NORWALK -- A fire in a car shredder sent smoke billowing Wednesday afternoon at a South Norwalk junkyard.
"We had a pretty good fire, with heavy smoke in the sky upon arrival," Prescott said. "Inside the building there were acetylene tanks, oxygen tanks and about 9,000 gallons of diesel fuel. Some of the bottles were compromised, so that was an issue we had to face."
Firefighters used three aerial streams to knock down the blaze. Initially, crews worked to keep the diesel fuel storage tanks cool to prevent them from exploding.
All 32 on-duty city firefighters responded, along with a tower ladder truck from Stamford that was on standby with water, Prescott said.
No injuries were reported. The fire was knocked down by 3:10 p.m. The city fire marshal is investigating the cause of the fire.
The state Department of Energy and Environmental Protection sent personnel to the scene to ensure no oil from the plant leaked into storm drains.

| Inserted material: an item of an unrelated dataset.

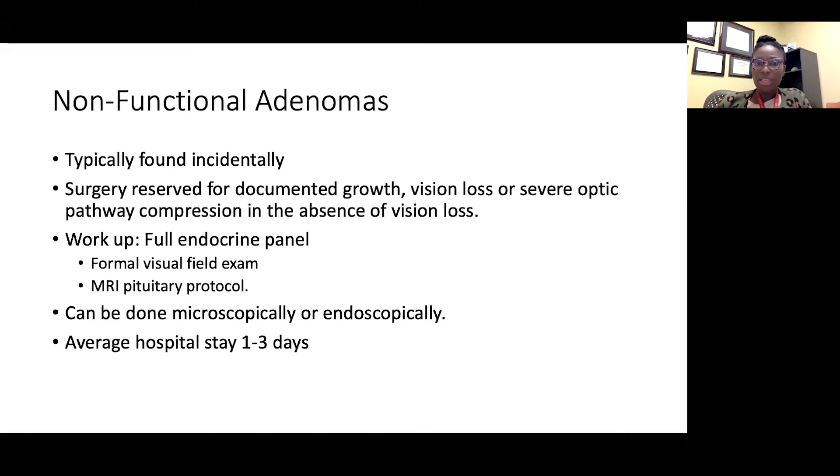Once you send the labs and it turns out to be a non-functional adenoma — meaning it's not secreting excess hormone — you have to look at the rest of the hormones: is there anything that's low? That's the opposite of excess, and that has to be replaced. This is why I like treating these patients in a multidisciplinary fashion.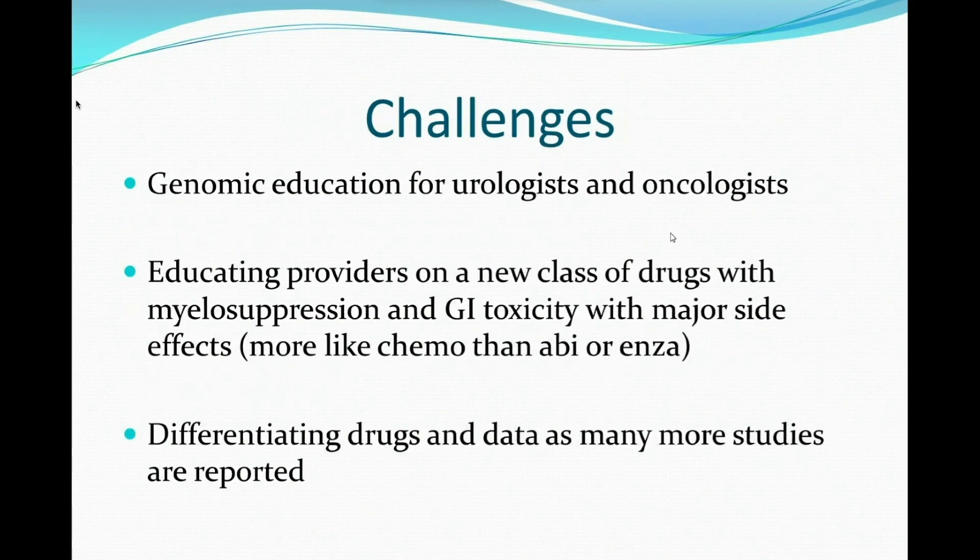Genomic education is definitely our biggest challenge right now. In order to get this really rolled out into practice, we have to address the gaps in genomic knowledge. Educating providers on this new class of drugs with myelosuppression and GI toxicity as major side effects is essential. These drugs are more like chemo than they are like abiraterone or enzalutamide. It's not safe to give a patient a PARP inhibitor and then see them back in three months — they can come in with a hemoglobin of 6. We'll dig into differentiating between the drugs as more studies are reported.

DEEP spokesman Dwayne Gardner said crews remained on the scene at 5 p.m. to determine if any fuel was released into the storm drain system.

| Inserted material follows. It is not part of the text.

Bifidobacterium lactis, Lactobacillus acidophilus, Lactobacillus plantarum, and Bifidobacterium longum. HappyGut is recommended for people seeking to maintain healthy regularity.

"We don't believe that there has been any significant release, but we have to verify that," Gardner said. "We have deployed a boom in the fallout location, so if any fuel did leak into the storm drains, it will be stopped by the boom."
The car shredder takes a car and separates the components, such as plastics, foam and metals, into scrap. The 3,600-horsepower, 20-cylinder turbo-charged engine reduces cars to metal pieces that can be held by hand.
The shredder was installed in December 2006 at the family owned auto parts facility, which has more than 500 cars in its yard.
In September 2007, firefighters responded to a similar fire when oil from the locomotive engine used to power the car shredder burst into flames.